Max joins Netflix’s strategy to cut down on shared Netflix accounts, which is already being imitated by Disney+

an image

The good results that Netflix is obtaining in progressively converting people who watch its content with third-party accounts to paying have created a trend. If in August last year Disney announced that it would do the same in 2024, now it is Max that is preparing to apply restrictions in the coming months with a view to a wider rollout in 2025. This was confirmed by Warner Bros Discovery (WBD) streaming and gaming CEO JB Perrette during a conference in San Francisco.

The executive sees in this strategy a “significant opportunity in relation to the scale of our business”, which closed last year with profits of 103 million dollars that have mainly come from continued adjustments. For the streaming division, WBD expects modest losses in the first half of the year and profitability in the second half, with the goal of achieving operating profits of $1 billion by 2025.

The launch of the initiative against shared accounts will coincide in time with Max’s international expansion, which in the next 18 months will reach Latin America and relevant markets in other regions such as France and Australia. And it remains to be seen whether it will boost the acceptance of its ad-supported version, whose growing revenues in the US were decisive in helping that segment of the company put behind it a succession of quarters in the red.

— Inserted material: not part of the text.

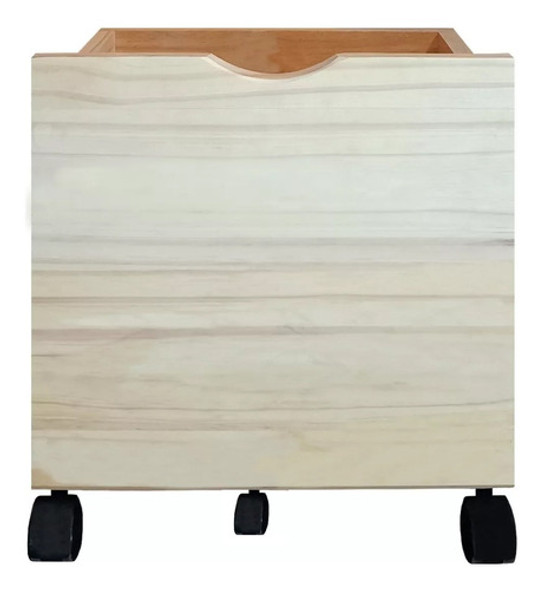 Cajon Baul Juguetero Liso Con 3 Ruedas Ohventas Verdulero 0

The combination of both factors explains Netflix’s good momentum, where the arrival of new users as a result of blocking their unpaid consumption is expected to be constant for some time. To encourage those sign-ups to go to the ad-supported mode it is eliminating the cheaper ad-free plan in some markets, and that creates a significant price difference between the two experiences. So the more cost-sensitive customers, who therefore did not pay for the service in the first instance, are helping to increase the company’s advertising scale.

In Disney’s case, the anticipated move is that from the summer it will start notifying users of its most important streaming platform that they should get their own account if it detects that they are using a third party’s account. There is no concrete estimate of how many people are in that situation but the move could be crucial for that division to turn a profit in the third quarter, as the company plans to do. In the final stretch of last year it already managed to reduce the red numbers to one-fifth.